Always amazed at how foolish many folks are when traveling. Hawaii reinforced that observation many times over.
Many people get island fever, and need to leave, they are small places and the same old thing over and over.
I really do not want to live there, but could I suppose. Same thing in the Florida keys, Virgin islands etc, American Samoa etc. 

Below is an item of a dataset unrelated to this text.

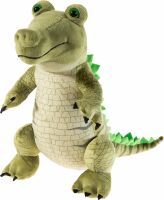 Heunec Schule der magischen Tiere Krokodil groß ''Rick''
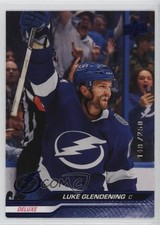 2023-24 Upper Deck Extended Series Deluxe /250 Luke Glendening #628 1oi7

I have a bad case of wander lust however.

Regards, 
Tom Barr


----------



## Steve Smith (27 Jan 2010)

Wow Tom, what an awesome place!  Lots of inspiration to be had


----------



## Garuf (27 Jan 2010)

I want to do a scape based on this view so badly!


----------



## zig (27 Jan 2010)

Hard to comprehend that amount of rain, average annual rainfall here generally averages 100cm to 125cm just add an extra 1000cm for the above swamp


----------



## LondonDragon (28 Jan 2010)

Great photos Tom, thanks for sharing, very lucky to visit such places


----------



## plantbrain (29 Jan 2010)

SteveUK said:
			
		

> Wow Tom, what an awesome place!  Lots of inspiration to be had



I've had the good fortune to travel to windly different places, but I'm amazed at plants and scape ideas at each location.
Say here:





Or here, below sea level in the hottest place on earth, or darn near close to it:




Or a swamp spring in Florida:




Hard to argue the beauty of each ecosystem.

You can also look at the smaller scales:





Garuf: the girlfriend made the same comment when she saw the upturned _ohia_ root pinwheel.
There where many like this all over the place.
Same for Florida for the swamp cedar in some of the plant fest locations I take folks.

I had to smack some folks for going too crazy and wild.
One tried to pick up a baby armadillo, they carry the Back Death.
Tried to run off with all this wood etc. A few small things is one thing, but not from these places nor from places that are inaccessible.

Needs to be careful and friendly to nature and no to mention, legal  

Yes, more rain than any of us can really imagine. The cloud forest in the tropics are amazing.

Regards, 
Tom Barr


----------



## Garuf (29 Jan 2010)

Tom, the plant fest, when is that? I'm planning on backpacking in the us this summer.


----------



## John Starkey (29 Jan 2010)

Some very good inspiraional shots there,the place looks well nice,
regards,
john.


----------